EXERCISE DATA Block Start

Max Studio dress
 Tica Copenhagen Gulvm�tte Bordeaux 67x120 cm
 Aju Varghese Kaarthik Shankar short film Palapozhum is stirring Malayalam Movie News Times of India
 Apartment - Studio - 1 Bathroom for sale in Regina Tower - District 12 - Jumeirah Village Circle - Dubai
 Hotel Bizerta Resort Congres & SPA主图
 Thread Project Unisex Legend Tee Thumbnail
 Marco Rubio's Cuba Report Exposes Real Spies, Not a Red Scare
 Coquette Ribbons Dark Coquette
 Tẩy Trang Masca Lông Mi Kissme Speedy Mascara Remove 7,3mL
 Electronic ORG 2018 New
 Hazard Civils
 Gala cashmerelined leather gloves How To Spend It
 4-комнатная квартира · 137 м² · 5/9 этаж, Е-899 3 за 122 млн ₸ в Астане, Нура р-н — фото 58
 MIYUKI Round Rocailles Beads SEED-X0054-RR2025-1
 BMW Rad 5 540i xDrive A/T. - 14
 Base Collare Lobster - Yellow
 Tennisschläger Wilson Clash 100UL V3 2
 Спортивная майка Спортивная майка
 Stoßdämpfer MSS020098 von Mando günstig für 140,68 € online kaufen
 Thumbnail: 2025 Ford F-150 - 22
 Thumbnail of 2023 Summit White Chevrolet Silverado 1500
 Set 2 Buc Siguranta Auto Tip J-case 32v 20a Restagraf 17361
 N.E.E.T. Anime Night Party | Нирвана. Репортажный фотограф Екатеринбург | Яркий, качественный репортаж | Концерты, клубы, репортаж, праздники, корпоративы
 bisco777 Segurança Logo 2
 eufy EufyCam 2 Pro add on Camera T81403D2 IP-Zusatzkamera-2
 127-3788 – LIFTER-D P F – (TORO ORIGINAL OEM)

EXERCISE DATA Block End

> DIRECTIONS
Your task is to copy every line of the entries that contains the string "Thumbnail".

> EXERCISE RESPONSE
 Thread Project Unisex Legend Tee Thumbnail
 Thumbnail: 2025 Ford F-150 - 22
 Thumbnail of 2023 Summit White Chevrolet Silverado 1500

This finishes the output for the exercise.